Un prof suspendu pour un vidéoclip

Clara Loiseau | Journal de Montréal
Un professeur d’une école secondaire de Châteauguay menant une carrière parallèle de rappeur considère qu'il a été injustement suspendu à la suite d’une plainte déposée à cause d’un de ses clips vidéo.
«Pour moi ça ne fait pas de sens, c’est une attaque envers moi, ma personne, mon nom et mon art, et c’est totalement injustifié», laisse tomber Chad Ashe, enseignant à l’école Gabrielle-Roy, à Châteauguay, et rappeur.
Depuis le vendredi 12 novembre 2021, l’homme de 34 ans ne peut plus enseigner à ses 22 élèves de première secondaire pour une durée d’au moins 10 jours.
Écoutez le témoignage de Chad Ashe, enseignant au secondaire:
«La directrice de l’établissement où j’enseigne m’a appelé pour me dire qu’il y avait eu une plainte à propos de mon vidéo et qu’il y allait avoir une investigation», affirme M. Ashe, qui est également le fils de la chanteuse Sylvie DesGroseilliers.
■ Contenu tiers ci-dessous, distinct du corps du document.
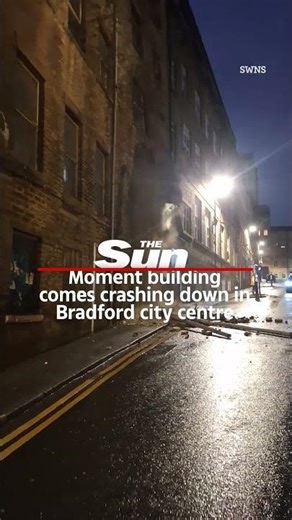 Historic Bradford building collapses forcing locals to evacuate #england #building #architecture
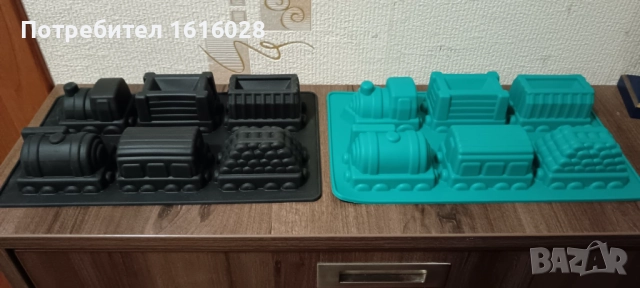 Силиконов молд с формички на влак - локомотив с вагончета, снимка 9 - Декорация за дома - 47815168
La vidéo en question, publiée sur la plateforme YouTube le 26 août dernier, est un clip réalisé pour sa chanson intitulée Wahala, qui signifie «problème» en Nigérien.
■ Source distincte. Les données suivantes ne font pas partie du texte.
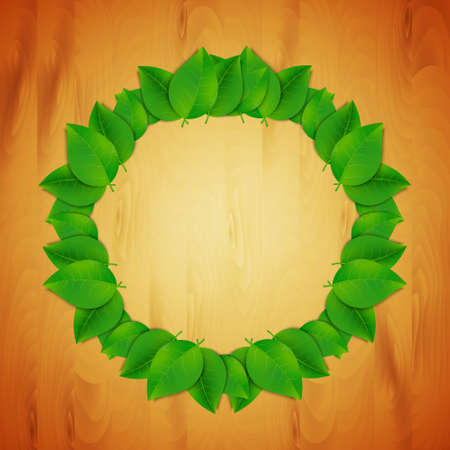 Green leaves background. のイラスト素材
Le chanteur apparaît avec une femme en maillot de bain, buvant, mangeant et profitant d’une piscine ou marchant dans un champ.
«C’est une chanson à propos de l’amour, de ne pas vouloir de problème avec une personne quand tu la rencontres. Ce vidéo je l’ai filmé avec ma copine parce qu’on s’aime et qu’on aime la chanson, et qu’on voulait célébrer notre belle vie et qu’on est heureux», confie celui qui enseigne depuis cinq ans.
Selon ce dernier, la directrice de son établissement d’enseignement lui a indiqué que c’est justement parce qu’il apparaissait en maillot de bain avec une femme, elle-même en maillot, qu’il a été suspendu.

Préoccupation
Par courriel, la Commission scolaire New Frontiers a d’emblée indiqué qu’elle ne dévoilerait aucun détail, une enquête étant en cours.
«Je confirmerai cependant que ce sont des préoccupations exprimées par des parents, préoccupations que nous prenons très au sérieux, qui sont à l’origine de la situation dans laquelle nous nous retrouvons actuellement avec M. Ashe», a expliqué par courriel le directeur de la Commission scolaire, Rob Buttars.
Pour Chad Ashe, qui devra se présenter le 25 novembre à une audience, l’incompréhension reste totale.
«J’ai parlé de ma musique [à mes étudiants] et ils ont voulu voir ce que je faisais, alors j’ai passé environ 30 secondes du clip. Ça, c’était en début septembre, alors j’ai du mal à comprendre qu’on envoie une plainte deux mois plus tard.»
Racisme et jalousie?
Le rappeur de 34 ans pense aussi que c’est à cause de sa couleur de peau qu’il est visé par cette récrimination.
«Il y a des professeurs qui font de la musique, mais c’est sûr qu’ils ne me ressemblent pas», ajoute M. Ashe, qui raconte qu'il a aussi reçu plusieurs commentaires racistes depuis le début de sa carrière de la part de collègues de travail.
S’il confie qu'il n'a jamais rien fait contre les remarques racistes faites à son encontre, il a cette fois décidé de se défendre.
«Une accusation, ça suffit pour nuire à la réputation de quelqu’un toute une vie, alors je ne peux pas ignorer cette suspension comme j’ai pu ignorer des commentaires racistes. Là, on joue avec mon nom en tant que prof alors que ça fait des années que j’essaie de l’établir et que je veux juste faire le bien dans la communauté éducative», a déploré M. Ashe, précisant qu’une collègue a déjà notamment fait allusion au proxénétisme et à son apparence physique.
Chad Ashe a contacté son syndicat, qui a décliné la demande d’entrevue du Journal, puisque l’enquête est encore en cours.